§ What you are asked to do: Going down the data below, set down exactly the line with "Moi, maton, j'ai brisé l'omerta" and each line after it through the line with "推荐科室 妇科 调理要点"; no other lines.

§ Records for the exercise:

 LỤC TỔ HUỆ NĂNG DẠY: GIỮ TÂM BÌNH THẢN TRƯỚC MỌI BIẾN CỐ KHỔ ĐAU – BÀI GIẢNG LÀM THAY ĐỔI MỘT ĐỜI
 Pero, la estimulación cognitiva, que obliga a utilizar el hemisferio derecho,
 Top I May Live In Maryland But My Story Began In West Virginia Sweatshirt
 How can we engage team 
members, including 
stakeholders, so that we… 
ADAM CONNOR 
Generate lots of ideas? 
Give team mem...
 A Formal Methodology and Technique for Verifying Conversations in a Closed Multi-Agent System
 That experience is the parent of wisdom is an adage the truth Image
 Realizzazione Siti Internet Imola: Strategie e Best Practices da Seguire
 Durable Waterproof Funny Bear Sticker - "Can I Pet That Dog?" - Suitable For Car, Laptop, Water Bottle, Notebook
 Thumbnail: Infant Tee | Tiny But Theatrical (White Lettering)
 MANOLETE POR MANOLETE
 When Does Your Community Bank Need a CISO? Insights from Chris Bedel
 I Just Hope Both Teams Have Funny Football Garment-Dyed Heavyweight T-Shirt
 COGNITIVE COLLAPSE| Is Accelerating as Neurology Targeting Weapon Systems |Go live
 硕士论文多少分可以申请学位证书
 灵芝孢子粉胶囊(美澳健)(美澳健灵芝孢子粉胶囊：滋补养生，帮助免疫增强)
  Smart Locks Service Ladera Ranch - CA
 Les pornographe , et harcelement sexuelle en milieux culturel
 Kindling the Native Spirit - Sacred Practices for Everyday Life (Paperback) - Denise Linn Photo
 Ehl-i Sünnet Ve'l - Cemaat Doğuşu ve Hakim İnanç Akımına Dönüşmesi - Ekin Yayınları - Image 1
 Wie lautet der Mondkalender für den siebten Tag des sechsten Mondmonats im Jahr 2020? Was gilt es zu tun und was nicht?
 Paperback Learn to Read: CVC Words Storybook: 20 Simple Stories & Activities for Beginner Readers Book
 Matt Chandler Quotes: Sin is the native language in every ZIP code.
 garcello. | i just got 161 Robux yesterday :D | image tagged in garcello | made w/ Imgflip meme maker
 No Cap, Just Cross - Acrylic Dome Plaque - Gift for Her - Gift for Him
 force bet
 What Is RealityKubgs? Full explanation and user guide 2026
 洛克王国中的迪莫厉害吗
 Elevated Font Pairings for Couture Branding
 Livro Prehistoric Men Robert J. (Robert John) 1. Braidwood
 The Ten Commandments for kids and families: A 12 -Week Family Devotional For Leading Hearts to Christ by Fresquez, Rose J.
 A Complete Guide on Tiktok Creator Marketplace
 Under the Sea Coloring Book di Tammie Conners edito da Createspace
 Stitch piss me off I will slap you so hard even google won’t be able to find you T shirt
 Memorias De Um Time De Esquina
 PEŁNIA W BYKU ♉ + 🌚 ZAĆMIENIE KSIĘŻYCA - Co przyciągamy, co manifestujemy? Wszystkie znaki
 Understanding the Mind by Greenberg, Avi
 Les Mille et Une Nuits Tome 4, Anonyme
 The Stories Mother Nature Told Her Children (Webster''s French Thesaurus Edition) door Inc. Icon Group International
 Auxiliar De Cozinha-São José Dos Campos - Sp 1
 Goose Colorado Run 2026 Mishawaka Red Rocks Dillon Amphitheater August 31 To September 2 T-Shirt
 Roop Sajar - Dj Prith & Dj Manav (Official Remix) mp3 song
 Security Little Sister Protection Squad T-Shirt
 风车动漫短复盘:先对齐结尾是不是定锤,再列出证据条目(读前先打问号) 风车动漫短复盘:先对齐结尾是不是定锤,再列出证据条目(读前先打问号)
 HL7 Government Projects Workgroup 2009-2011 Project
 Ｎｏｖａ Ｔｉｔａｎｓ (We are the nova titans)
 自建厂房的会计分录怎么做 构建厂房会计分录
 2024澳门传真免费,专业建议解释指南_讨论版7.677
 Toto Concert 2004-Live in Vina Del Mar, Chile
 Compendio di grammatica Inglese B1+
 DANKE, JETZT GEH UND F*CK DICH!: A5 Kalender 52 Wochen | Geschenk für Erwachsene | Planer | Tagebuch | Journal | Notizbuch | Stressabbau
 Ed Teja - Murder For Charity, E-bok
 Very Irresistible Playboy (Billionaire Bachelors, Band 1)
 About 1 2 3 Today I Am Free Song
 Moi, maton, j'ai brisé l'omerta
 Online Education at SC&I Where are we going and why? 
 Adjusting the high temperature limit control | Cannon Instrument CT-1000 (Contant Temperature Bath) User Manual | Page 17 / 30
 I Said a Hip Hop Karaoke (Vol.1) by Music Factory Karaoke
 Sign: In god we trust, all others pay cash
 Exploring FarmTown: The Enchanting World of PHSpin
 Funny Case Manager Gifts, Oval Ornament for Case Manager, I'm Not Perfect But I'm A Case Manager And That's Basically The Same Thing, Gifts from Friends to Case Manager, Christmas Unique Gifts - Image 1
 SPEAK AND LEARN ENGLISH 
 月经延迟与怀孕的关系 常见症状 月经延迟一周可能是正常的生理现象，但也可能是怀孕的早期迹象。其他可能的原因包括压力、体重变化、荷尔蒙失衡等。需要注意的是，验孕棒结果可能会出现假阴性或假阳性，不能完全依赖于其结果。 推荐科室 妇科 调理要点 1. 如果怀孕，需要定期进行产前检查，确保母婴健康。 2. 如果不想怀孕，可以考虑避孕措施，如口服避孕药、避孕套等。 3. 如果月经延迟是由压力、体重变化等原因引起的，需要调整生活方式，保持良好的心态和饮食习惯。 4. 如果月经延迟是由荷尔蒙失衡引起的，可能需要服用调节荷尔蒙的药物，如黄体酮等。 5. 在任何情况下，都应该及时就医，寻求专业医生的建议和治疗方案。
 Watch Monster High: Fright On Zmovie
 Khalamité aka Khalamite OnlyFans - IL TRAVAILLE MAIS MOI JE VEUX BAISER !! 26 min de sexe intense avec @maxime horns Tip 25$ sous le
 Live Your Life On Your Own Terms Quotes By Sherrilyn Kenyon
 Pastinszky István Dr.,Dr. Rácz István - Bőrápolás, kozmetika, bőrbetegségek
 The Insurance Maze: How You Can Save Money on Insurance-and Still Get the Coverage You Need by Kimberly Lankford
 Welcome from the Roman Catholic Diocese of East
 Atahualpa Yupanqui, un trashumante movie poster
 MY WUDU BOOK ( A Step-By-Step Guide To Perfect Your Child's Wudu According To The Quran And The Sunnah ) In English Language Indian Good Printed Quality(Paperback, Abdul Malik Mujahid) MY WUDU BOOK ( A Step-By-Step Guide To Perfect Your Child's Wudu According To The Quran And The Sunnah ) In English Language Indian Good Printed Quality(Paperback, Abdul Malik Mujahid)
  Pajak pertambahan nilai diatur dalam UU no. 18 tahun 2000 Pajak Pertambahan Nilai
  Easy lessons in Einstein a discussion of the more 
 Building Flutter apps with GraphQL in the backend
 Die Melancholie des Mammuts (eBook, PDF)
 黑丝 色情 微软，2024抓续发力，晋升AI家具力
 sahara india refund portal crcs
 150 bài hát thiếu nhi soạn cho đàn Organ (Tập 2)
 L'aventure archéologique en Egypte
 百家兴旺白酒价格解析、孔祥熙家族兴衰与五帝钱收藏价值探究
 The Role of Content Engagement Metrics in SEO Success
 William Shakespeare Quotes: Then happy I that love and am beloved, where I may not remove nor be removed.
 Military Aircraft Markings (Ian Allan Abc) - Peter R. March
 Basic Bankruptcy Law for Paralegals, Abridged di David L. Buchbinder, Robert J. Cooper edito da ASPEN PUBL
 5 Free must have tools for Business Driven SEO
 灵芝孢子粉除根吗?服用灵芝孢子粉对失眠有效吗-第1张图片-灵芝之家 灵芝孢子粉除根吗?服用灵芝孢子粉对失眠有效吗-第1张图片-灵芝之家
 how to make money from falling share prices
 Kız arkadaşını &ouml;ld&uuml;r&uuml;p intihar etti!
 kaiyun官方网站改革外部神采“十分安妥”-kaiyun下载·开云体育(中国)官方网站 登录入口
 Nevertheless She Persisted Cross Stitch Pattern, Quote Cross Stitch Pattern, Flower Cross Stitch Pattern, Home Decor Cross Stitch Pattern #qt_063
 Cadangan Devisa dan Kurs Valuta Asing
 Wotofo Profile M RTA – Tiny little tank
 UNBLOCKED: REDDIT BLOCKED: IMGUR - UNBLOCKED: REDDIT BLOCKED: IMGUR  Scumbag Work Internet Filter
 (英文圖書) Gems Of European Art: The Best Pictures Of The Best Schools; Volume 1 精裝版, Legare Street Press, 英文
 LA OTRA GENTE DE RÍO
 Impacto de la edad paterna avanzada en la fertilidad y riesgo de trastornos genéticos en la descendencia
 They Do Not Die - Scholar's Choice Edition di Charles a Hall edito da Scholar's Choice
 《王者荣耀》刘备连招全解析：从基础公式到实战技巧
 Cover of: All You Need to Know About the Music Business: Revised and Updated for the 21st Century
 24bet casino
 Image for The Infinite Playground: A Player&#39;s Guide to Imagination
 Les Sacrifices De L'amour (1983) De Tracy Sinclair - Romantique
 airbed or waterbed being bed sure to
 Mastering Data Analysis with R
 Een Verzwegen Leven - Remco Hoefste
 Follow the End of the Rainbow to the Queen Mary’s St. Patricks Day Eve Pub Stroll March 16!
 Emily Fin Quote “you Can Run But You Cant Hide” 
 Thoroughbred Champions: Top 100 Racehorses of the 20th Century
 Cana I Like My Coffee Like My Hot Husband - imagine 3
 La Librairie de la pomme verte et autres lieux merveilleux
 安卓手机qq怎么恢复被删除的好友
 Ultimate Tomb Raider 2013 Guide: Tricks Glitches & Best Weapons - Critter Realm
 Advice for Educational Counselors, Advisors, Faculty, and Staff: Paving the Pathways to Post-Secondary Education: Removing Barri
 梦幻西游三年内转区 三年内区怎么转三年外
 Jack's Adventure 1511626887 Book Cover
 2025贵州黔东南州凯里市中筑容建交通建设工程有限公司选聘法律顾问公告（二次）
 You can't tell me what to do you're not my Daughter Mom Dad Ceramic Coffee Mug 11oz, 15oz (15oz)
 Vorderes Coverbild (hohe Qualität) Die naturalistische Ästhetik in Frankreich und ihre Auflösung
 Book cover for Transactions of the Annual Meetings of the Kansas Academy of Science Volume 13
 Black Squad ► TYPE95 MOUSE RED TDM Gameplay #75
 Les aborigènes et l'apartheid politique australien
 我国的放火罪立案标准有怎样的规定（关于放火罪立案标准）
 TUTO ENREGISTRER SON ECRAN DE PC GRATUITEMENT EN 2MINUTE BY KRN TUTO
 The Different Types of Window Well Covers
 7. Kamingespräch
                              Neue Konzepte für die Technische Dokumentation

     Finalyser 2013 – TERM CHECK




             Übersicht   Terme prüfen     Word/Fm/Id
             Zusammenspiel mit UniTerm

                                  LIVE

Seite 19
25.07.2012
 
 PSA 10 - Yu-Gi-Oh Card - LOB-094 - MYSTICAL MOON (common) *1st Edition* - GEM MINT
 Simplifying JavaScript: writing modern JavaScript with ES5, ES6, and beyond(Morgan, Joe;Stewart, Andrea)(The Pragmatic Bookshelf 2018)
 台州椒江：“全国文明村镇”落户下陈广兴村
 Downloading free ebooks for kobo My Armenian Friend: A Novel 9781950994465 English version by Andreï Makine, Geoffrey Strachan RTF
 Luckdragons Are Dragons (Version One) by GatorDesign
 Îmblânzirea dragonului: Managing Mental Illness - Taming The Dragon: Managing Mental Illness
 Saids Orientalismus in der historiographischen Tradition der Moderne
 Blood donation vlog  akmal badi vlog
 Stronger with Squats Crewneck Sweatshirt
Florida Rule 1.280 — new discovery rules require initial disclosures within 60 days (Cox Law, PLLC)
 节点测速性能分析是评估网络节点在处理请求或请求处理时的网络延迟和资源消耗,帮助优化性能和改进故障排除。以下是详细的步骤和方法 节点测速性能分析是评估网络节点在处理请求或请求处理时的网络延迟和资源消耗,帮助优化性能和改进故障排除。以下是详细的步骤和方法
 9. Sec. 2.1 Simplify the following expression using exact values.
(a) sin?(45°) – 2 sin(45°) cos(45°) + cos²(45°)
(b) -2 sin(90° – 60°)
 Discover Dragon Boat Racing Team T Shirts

§ Solution for this problem:
 Moi, maton, j'ai brisé l'omerta
 Online Education at SC&I Where are we going and why? 
 Adjusting the high temperature limit control | Cannon Instrument CT-1000 (Contant Temperature Bath) User Manual | Page 17 / 30
 I Said a Hip Hop Karaoke (Vol.1) by Music Factory Karaoke
 Sign: In god we trust, all others pay cash
 Exploring FarmTown: The Enchanting World of PHSpin
 Funny Case Manager Gifts, Oval Ornament for Case Manager, I'm Not Perfect But I'm A Case Manager And That's Basically The Same Thing, Gifts from Friends to Case Manager, Christmas Unique Gifts - Image 1
 SPEAK AND LEARN ENGLISH 
 月经延迟与怀孕的关系 常见症状 月经延迟一周可能是正常的生理现象，但也可能是怀孕的早期迹象。其他可能的原因包括压力、体重变化、荷尔蒙失衡等。需要注意的是，验孕棒结果可能会出现假阴性或假阳性，不能完全依赖于其结果。 推荐科室 妇科 调理要点 1. 如果怀孕，需要定期进行产前检查，确保母婴健康。 2. 如果不想怀孕，可以考虑避孕措施，如口服避孕药、避孕套等。 3. 如果月经延迟是由压力、体重变化等原因引起的，需要调整生活方式，保持良好的心态和饮食习惯。 4. 如果月经延迟是由荷尔蒙失衡引起的，可能需要服用调节荷尔蒙的药物，如黄体酮等。 5. 在任何情况下，都应该及时就医，寻求专业医生的建议和治疗方案。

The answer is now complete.